En finir avec le « pré carré »

Pour appuyer ce propos, Augustin David se réfère au contexte géopolitique récent où la France a été, d’une certaine manière, rejetée : « tout cela montre qu’on doit s’engager dans une autre manière de collaborer. Lors des Rencontres Oléopro, on a pris en compte le fait qu’on doit continuer à travailler ensemble, mais plus en ayant en tête des notions de « pré carré », de domaine réservé, comme ça a trop longtemps été le cas entre la France et ses anciennes colonies africaines.

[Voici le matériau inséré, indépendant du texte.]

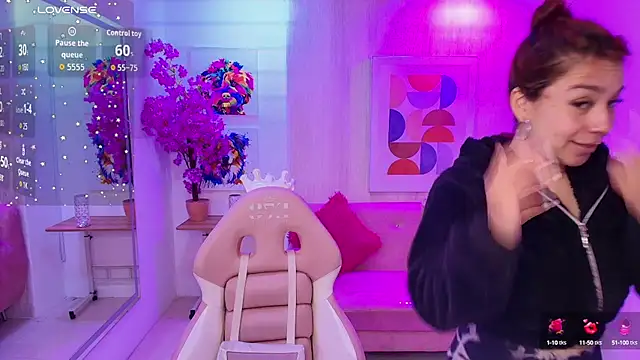 Gabby evanns online show from 7, 10, 2025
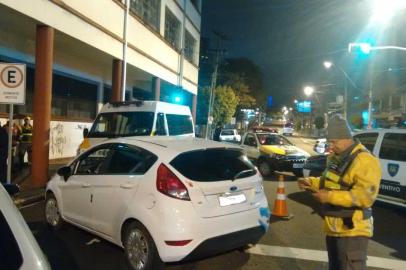 Blitz flagra motoristas dirigindo sob efeito de bebidas alcoólicas e sem carteira em Caxias  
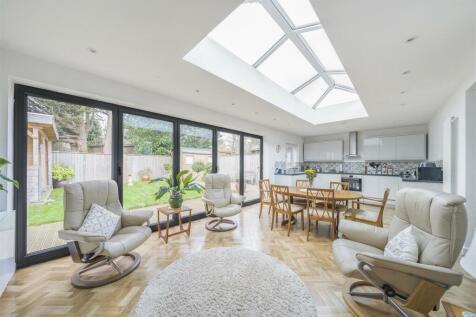 Brook Lane, Sarisbury Green SO31 2 bed detached bungalow for sale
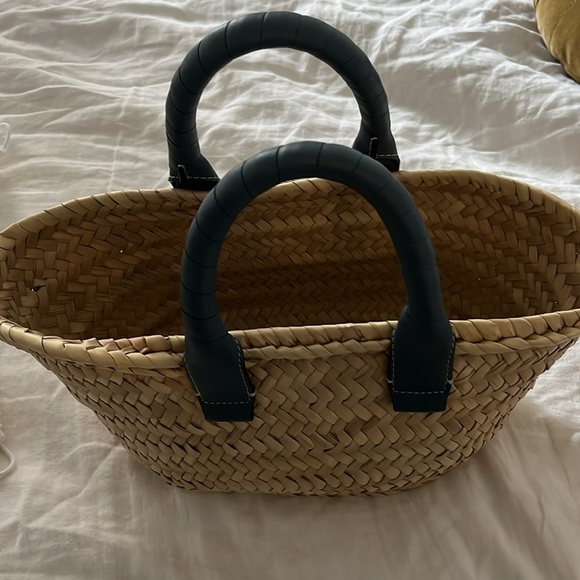Chloe Mini Marcie Basket Bag - Picture 8 of 12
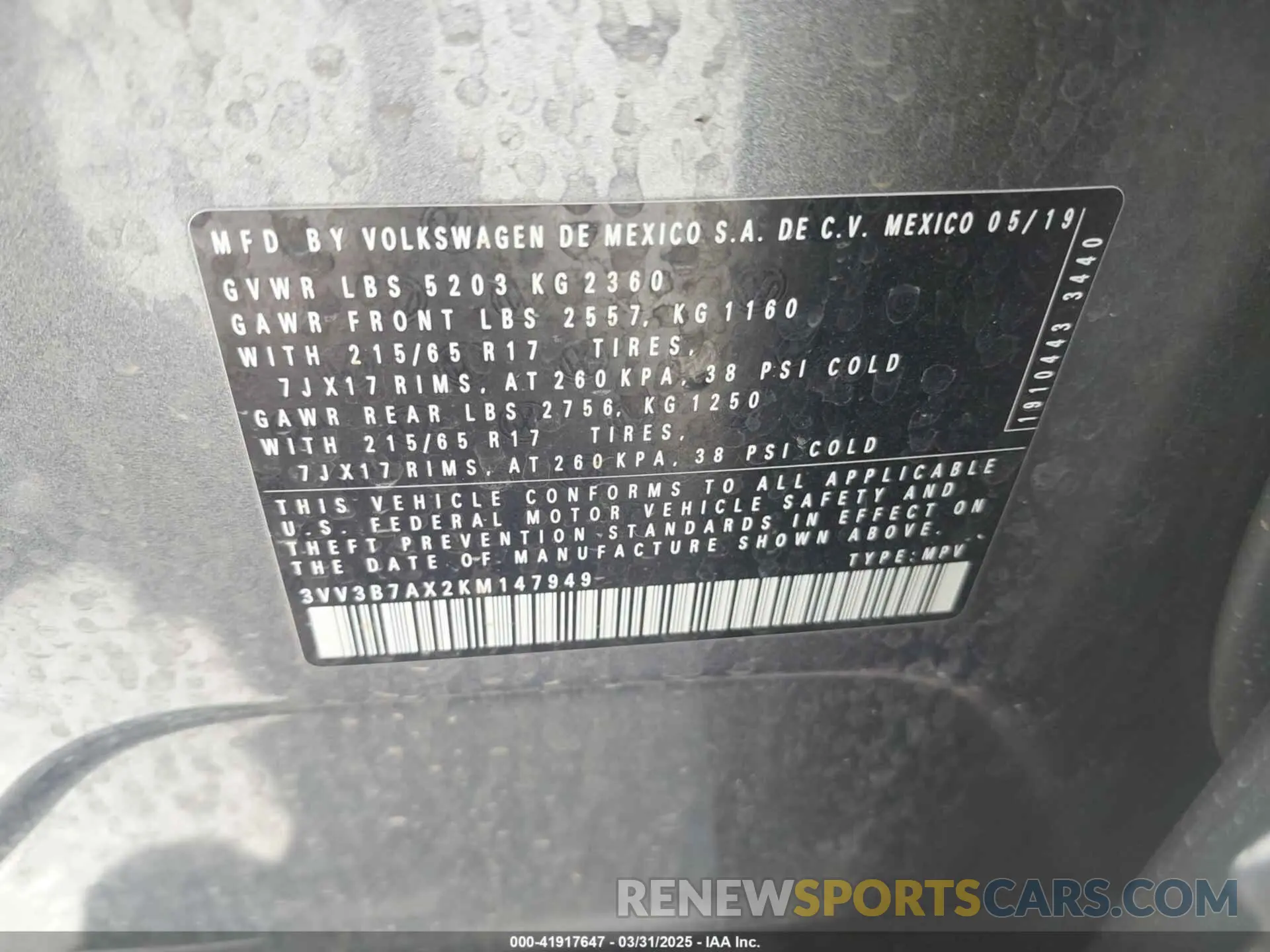 9 Photograph of a damaged car 3VV3B7AX2KM147949 VOLKSWAGEN TIGUAN 2019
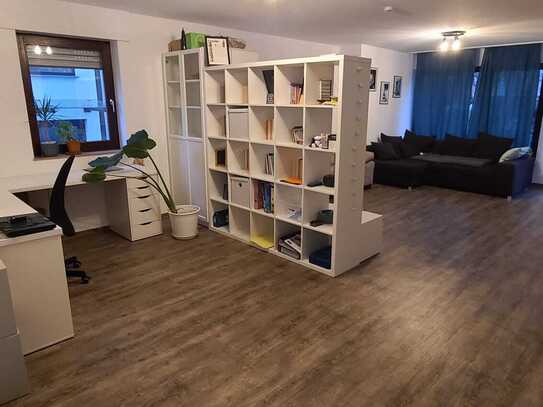 2 Zimmer Wohnung 90 m²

On a besoin d’une posture et d’une manière de travailler différentes… » En revenant sur plusieurs exemples concrets Augustin David avait à cœur de démontrer que cette relation renouvelée est possible et qu’elle est déjà à l’œuvre. L’agriculteur nivernais confirme par ailleurs qu’il est indispensable, pour l’agriculture française, de développer des partenariats internationaux, en particulier avec l’Afrique, tout en travaillant activement au développement de filières locales en France, afin de réduire certaines dépendances à des importations, notamment dans le domaine de l’alimentation animale : « il faut travailler selon ces deux échelles stratégiques et chez nous, l’importance de la reconnexion des producteurs avec des metteurs en marché, des transformateurs, pour valoriser localement, est primordiale ». Travailler en ayant en tête ce « grand écart » entre des marchés mondiaux et la nécessité de structurer des filières plus locales : c’était tout l’intérêt des échanges entre Augustin David et Jean-Marie Ackah parce que dans la Nièvre comme en Côte d’Ivoire, les enjeux sont plus proches qu’on ne le croit. « Même si les échelles et les contextes sont différents, conclut Augustin David, les logiques ne sont pas si éloignées ».